* _Dataset excerpt_

------------

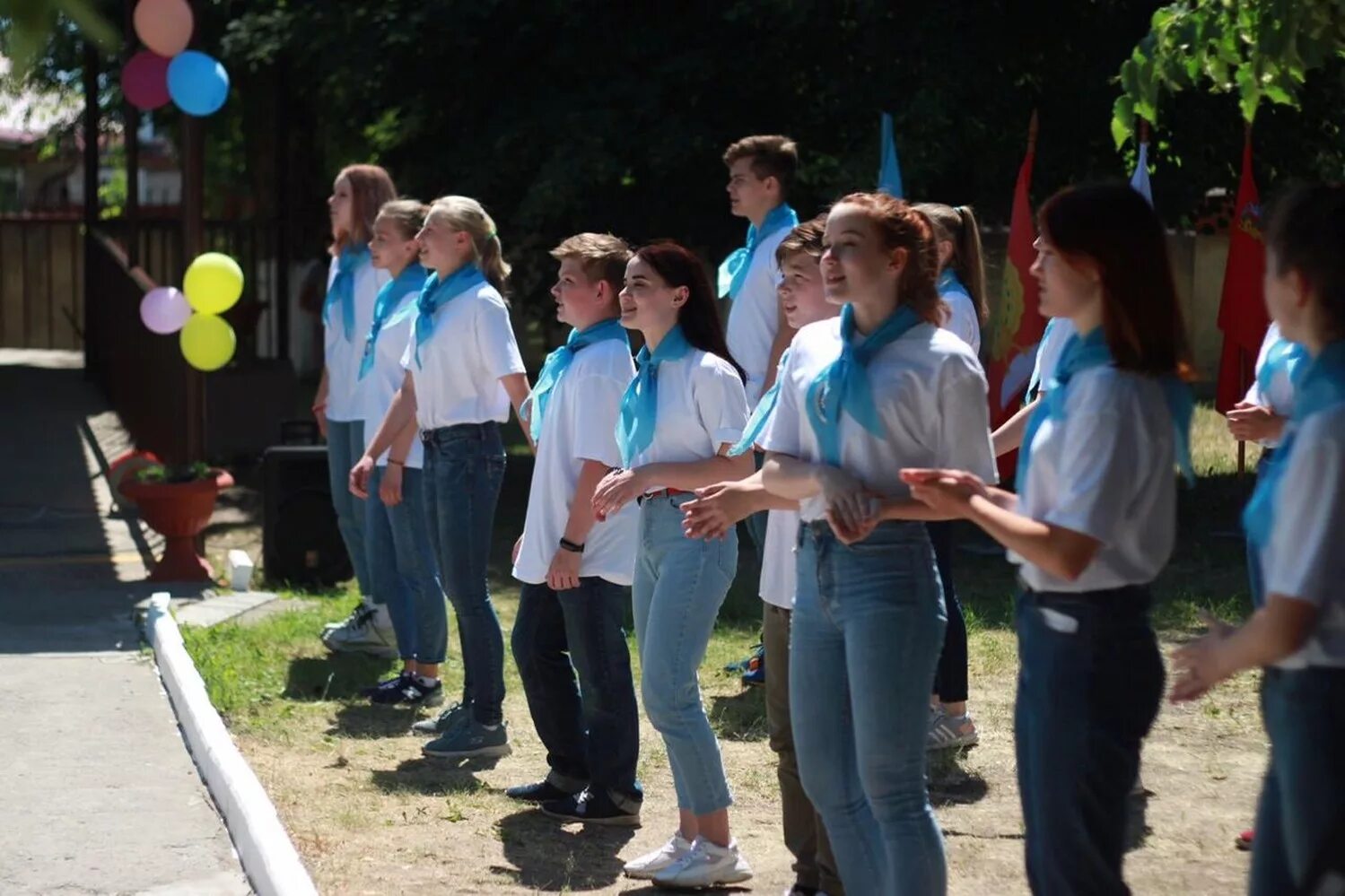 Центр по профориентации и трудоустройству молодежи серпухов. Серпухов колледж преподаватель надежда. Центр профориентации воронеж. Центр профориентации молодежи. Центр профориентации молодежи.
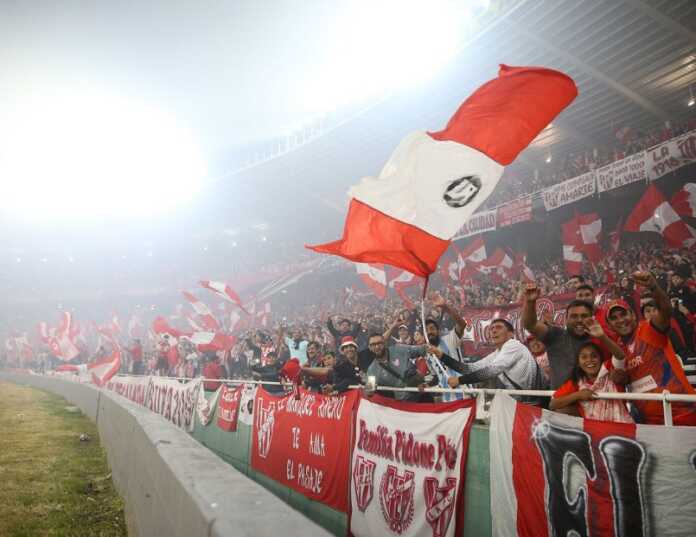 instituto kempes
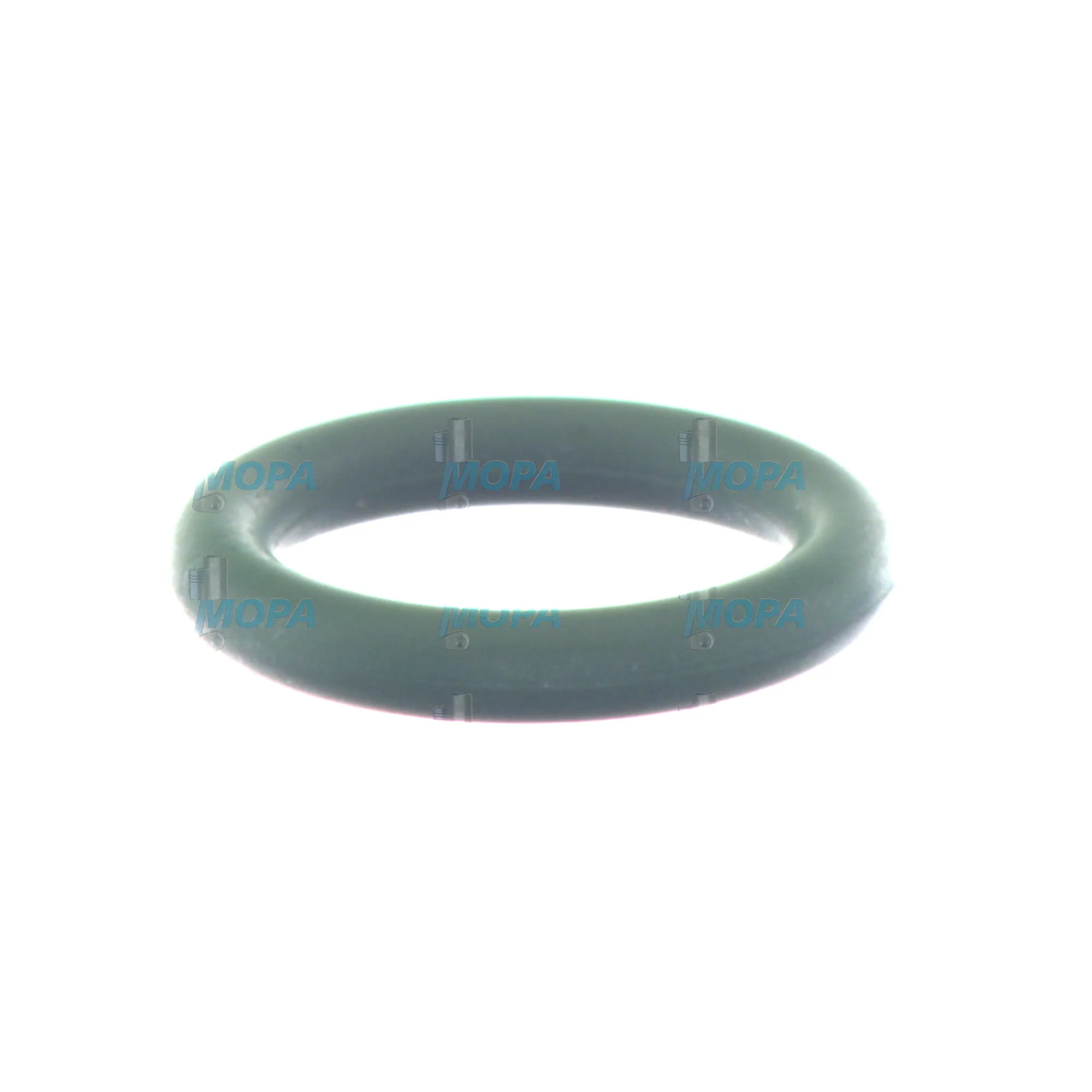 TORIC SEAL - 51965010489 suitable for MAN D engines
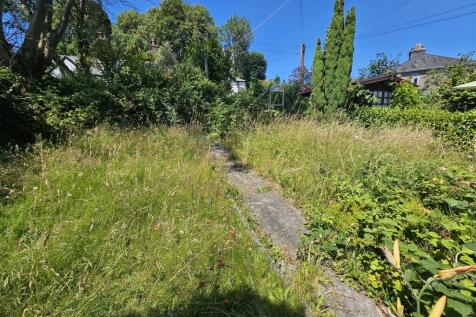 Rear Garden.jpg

------------

* _What is needed_
The answer must consist solely of the lines from the line containing "instituto kempes" to the end of the data, reproduced exactly, with every picture left out.

* _Response to the task_
 instituto kempes
 TORIC SEAL - 51965010489 suitable for MAN D engines
 Rear Garden.jpg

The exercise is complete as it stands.